### Assignment
Begin at the line containing "The perfect budget" in the records below, end at the line containing "Once I have", and retype each line in that span exactly. No other line and no image should appear.

### Material for this exercise
====================

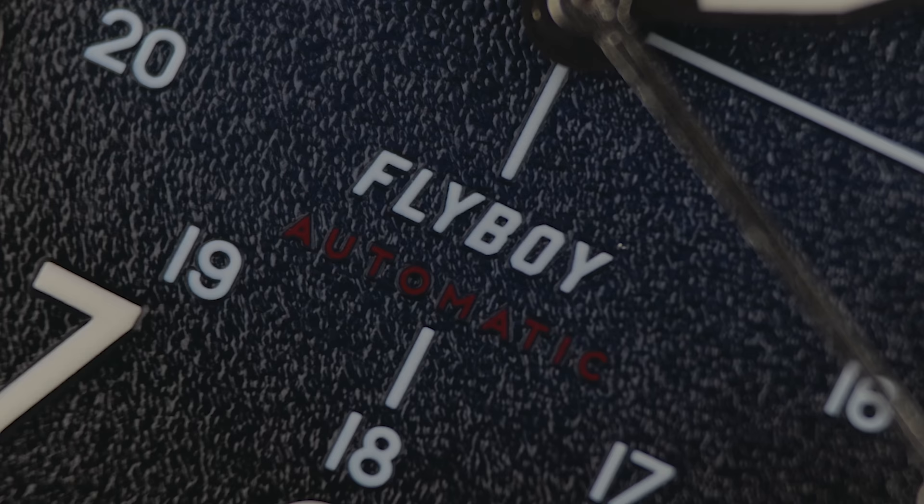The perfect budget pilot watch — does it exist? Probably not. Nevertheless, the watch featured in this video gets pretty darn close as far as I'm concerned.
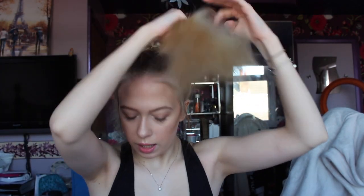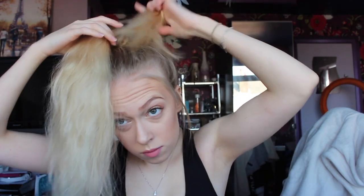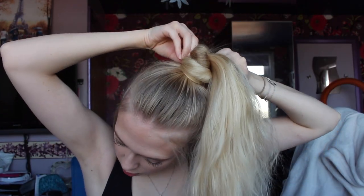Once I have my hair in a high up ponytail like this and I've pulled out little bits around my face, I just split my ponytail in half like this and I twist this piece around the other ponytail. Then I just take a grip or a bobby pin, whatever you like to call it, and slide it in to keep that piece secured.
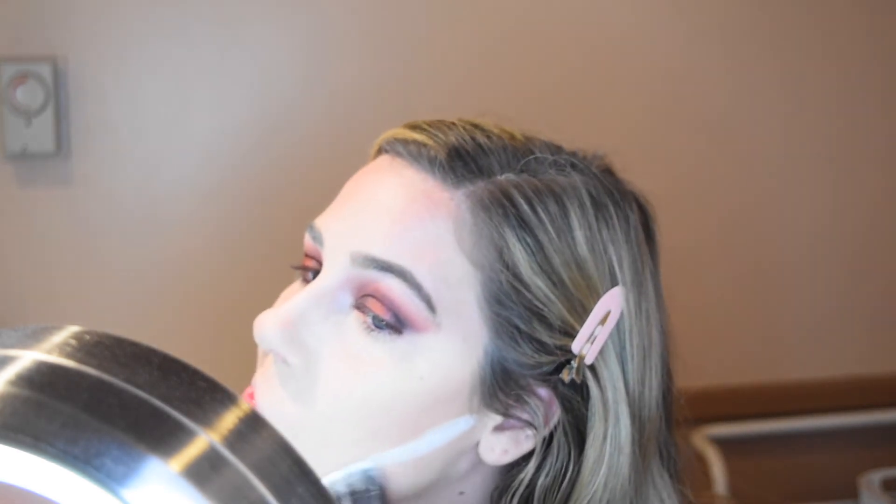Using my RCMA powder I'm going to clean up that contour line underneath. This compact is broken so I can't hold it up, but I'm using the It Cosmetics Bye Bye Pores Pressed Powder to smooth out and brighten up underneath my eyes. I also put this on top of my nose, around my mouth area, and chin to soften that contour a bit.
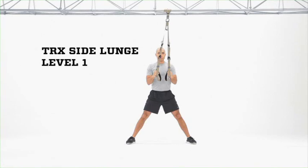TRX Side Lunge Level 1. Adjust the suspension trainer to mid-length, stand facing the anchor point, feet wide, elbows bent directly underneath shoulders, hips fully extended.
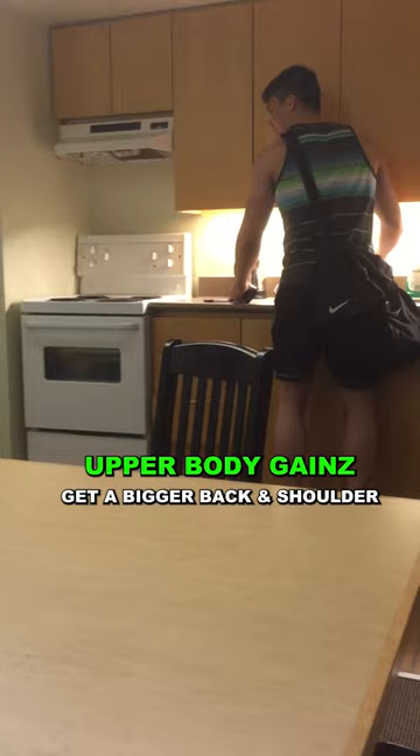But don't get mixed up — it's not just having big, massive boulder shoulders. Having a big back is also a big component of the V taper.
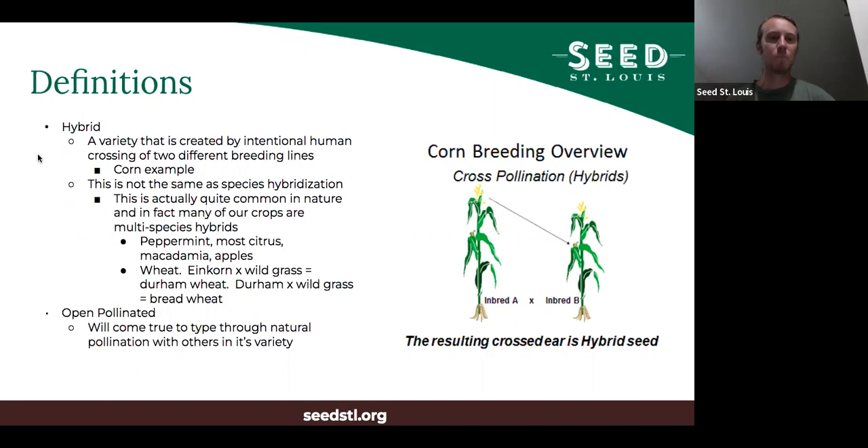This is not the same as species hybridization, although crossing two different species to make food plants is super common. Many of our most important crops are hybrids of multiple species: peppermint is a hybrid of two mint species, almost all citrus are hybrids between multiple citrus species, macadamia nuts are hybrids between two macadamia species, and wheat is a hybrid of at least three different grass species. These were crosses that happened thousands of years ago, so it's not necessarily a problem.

====================

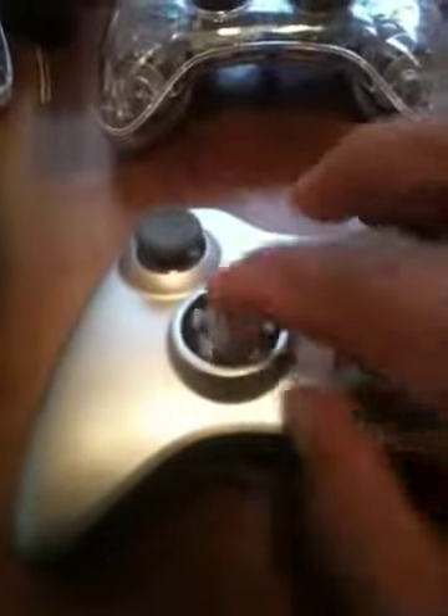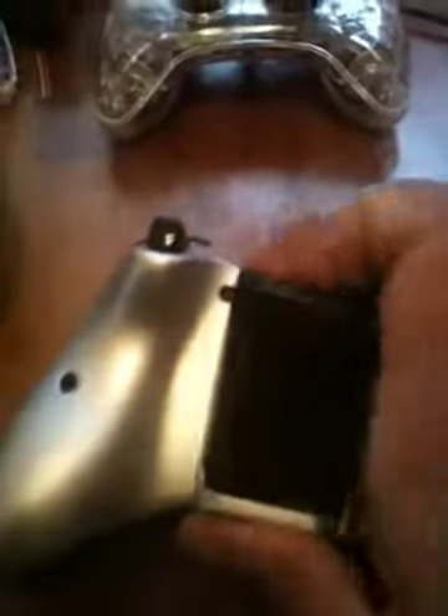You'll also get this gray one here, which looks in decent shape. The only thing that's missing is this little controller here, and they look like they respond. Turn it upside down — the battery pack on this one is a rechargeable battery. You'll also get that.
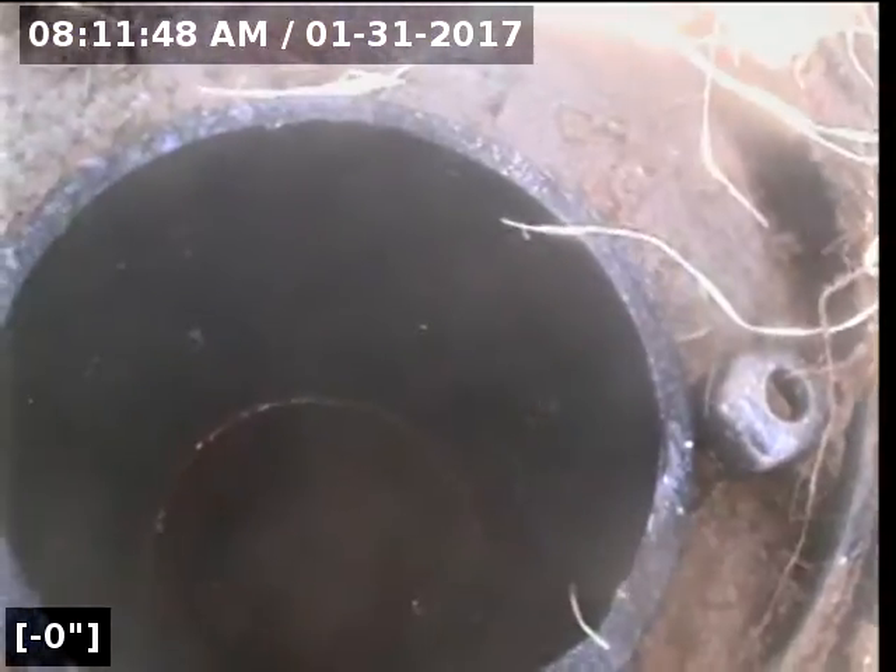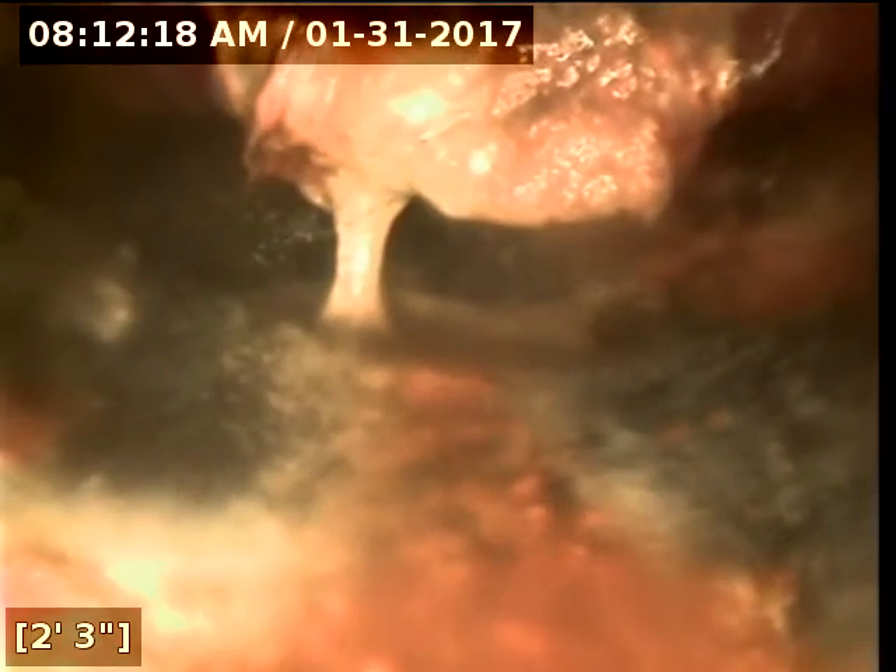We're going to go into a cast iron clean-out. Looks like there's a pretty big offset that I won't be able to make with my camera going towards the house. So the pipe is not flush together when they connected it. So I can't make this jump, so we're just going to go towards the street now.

====================

### Response area
The perfect budget pilot watch — does it exist? Probably not. Nevertheless, the watch featured in this video gets pretty darn close as far as I'm concerned.
Once I have my hair in a high up ponytail like this and I've pulled out little bits around my face, I just split my ponytail in half like this and I twist this piece around the other ponytail. Then I just take a grip or a bobby pin, whatever you like to call it, and slide it in to keep that piece secured.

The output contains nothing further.